The idea of building a school in this difficult environment came from Iram’s daughter Sonia. At at age 16, Sonia visited her maternal grandparents in Kangra and was appalled at the gender disparity in the rural government schools. She knew the value of education in her own life and wanted the same for the girls in Kangra. Over the next two years she developed a plan to build a private girls’ school in the village.
Not every teenager could pull that off, said Jeff Coleman, father of Emma, one of Sonia’s dearest friends. “But the idea of building a school, she [Sonia] would do that, she was that kind of kid.”
Sonia started her project in 2011 and “convinced me to buy the land in the middle of the village,” Iram said. The project was moving apace in 2012 when Sonia died in a car accident just days before starting her freshman year at the College of William and Mary in Virginia. The loss devastated her family.
“When the tragedy struck, we couldn’t get our heads around this,” said Zafar Malik, a member of SSO’s US-based management team. “That doesn’t leave you. After that it was so hard to imagine that their lives could be brighter. But I told Iram. ‘There’s something big here. I can feel it. You have to do it now or lose it forever.’ They picked up what Sonia wanted them to do.”
It wasn’t easy. Just months after the school was completed and inaugurated in 2014, it was bombed. No one was injured, but the blast destroyed several walls and windows of the school building and the new water-filtration plant was destroyed. Days later, 148 people were killed in an unrelated bomb blast at a school in nearby Peshawar.
Despite the setback, Iram said at the visit this site time: “We cannot give in to terrorists, and this devastation, along with the tragedy of Peshawar, shows us that now more than ever, our cause is critical.”.
SSO rebuilt the damaged two-story school and water plant just in time for the first day of school in April 2015.
“Now this is the second year,” Iram told guests during an hour-long presentation. “The school has three full-time teachers, a principal, and a social mobilizer. And we have good security; now in Pakistan there have been other bombs and schools are required to have security guards.
“The teachers are educated girls who are living in the village. They speak good English. And they’re bold.” – Iram Shah
“The water plant supplies clean drinking water to more than 700 families in the village and health is getting better. Some families still don’t send girls to school. But many of those girls do come to get water and the school principal stands outside encouraging them to attend,” she said.
The principal’s efforts are multiplied by that of a “social mobilizer,” who teaches conservative and often illiterate villagers about the importance of girls’ education in hopes of increasing enrollment at the school.

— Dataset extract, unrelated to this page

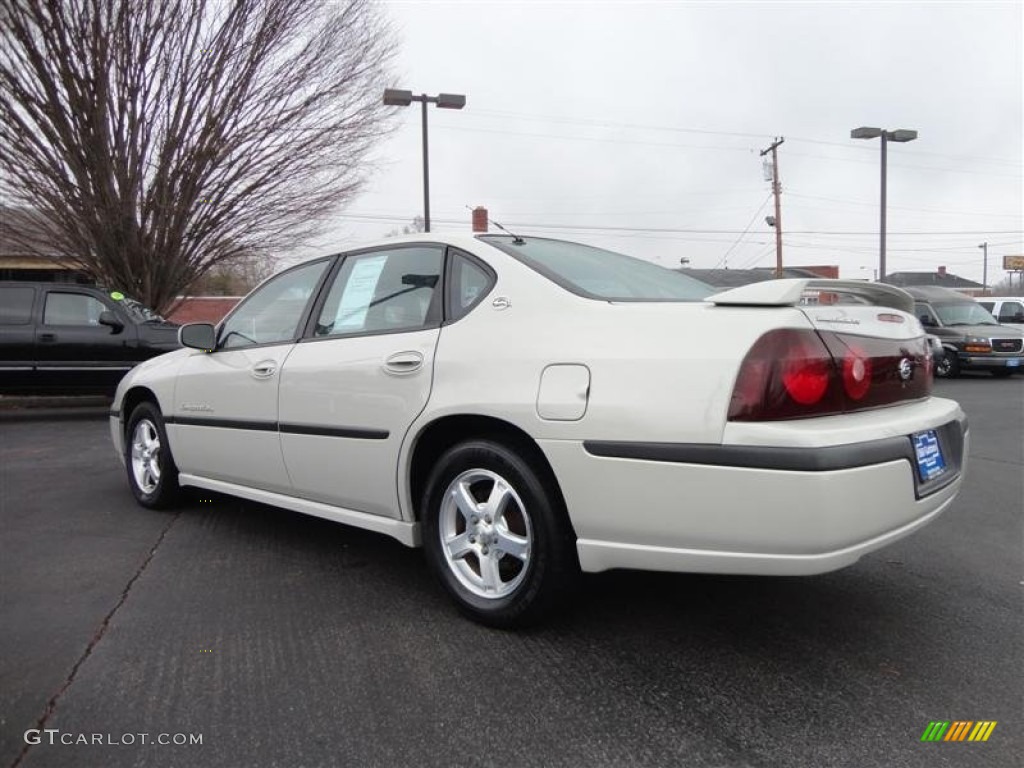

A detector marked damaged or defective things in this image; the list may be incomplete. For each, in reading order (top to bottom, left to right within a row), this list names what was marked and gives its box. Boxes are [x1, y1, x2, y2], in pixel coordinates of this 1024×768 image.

crack in pavement [10, 512, 182, 768]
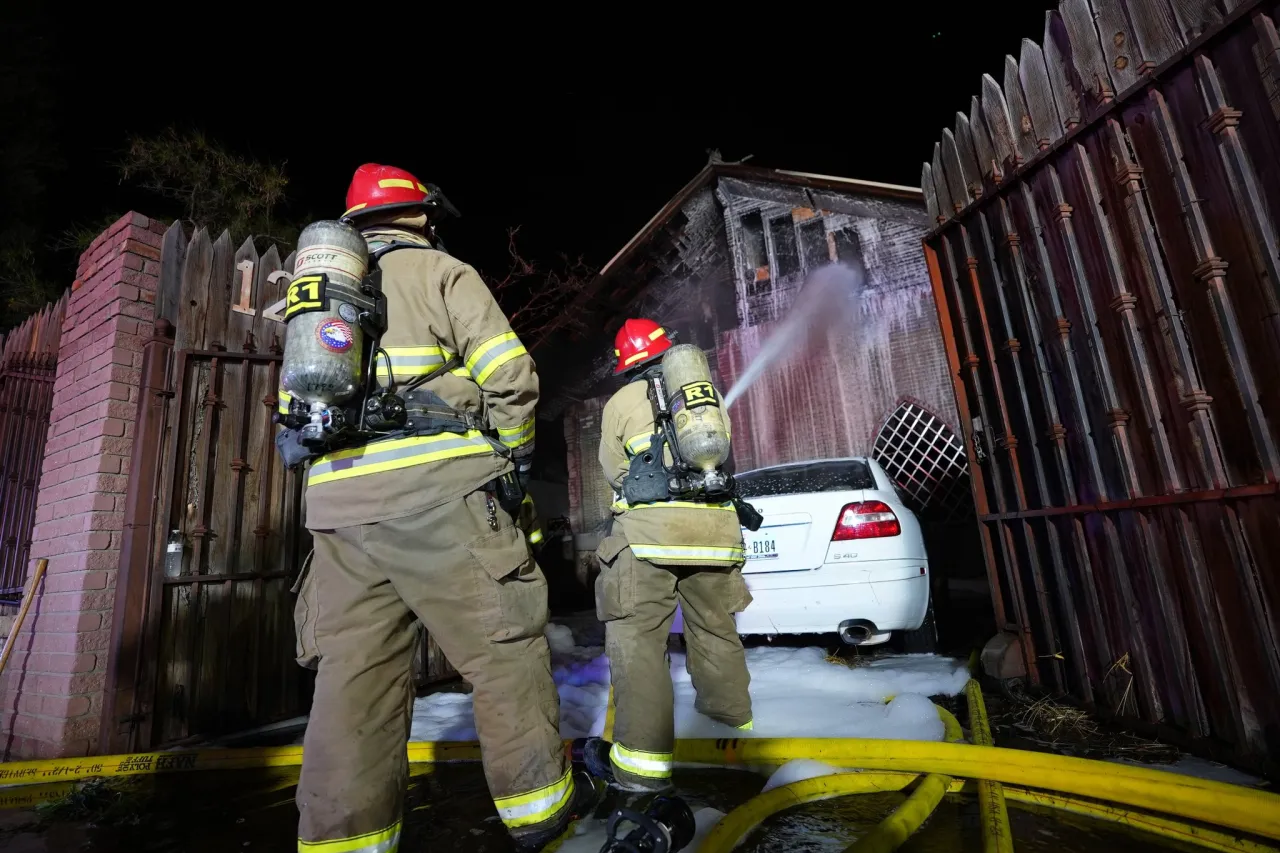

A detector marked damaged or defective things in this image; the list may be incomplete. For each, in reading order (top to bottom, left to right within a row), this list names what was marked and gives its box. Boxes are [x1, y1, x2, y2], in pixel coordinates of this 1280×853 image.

burned house [535, 157, 972, 584]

“We had a woman first. It didn’t work,” Iram said. “Now we have a man and he talks to the men in the village about sending their daughters to school.”

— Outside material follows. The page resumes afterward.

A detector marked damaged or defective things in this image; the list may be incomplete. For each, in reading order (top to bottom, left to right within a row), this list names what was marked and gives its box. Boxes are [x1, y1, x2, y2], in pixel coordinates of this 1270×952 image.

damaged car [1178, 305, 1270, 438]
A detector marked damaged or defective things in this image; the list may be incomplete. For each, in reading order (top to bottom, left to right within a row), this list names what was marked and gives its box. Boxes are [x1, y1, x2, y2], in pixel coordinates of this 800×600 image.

These efforts are key because – as Sonia knew –uneducated girls face a grim future. “Women live inferior lives” in Kangra, the narrator of a four-minute video shown at the fundraiser said. “A life with good education and equal opportunities [for women] is a wish still unfulfilled in this village.”
Although it is too late for many women to enroll in primary school, SSO has also set aside two rooms of the school for a women’s vocational center, scheduled to open at the end of June. Handicrafts and sewing skills will help women make a little bit of money to help support their families.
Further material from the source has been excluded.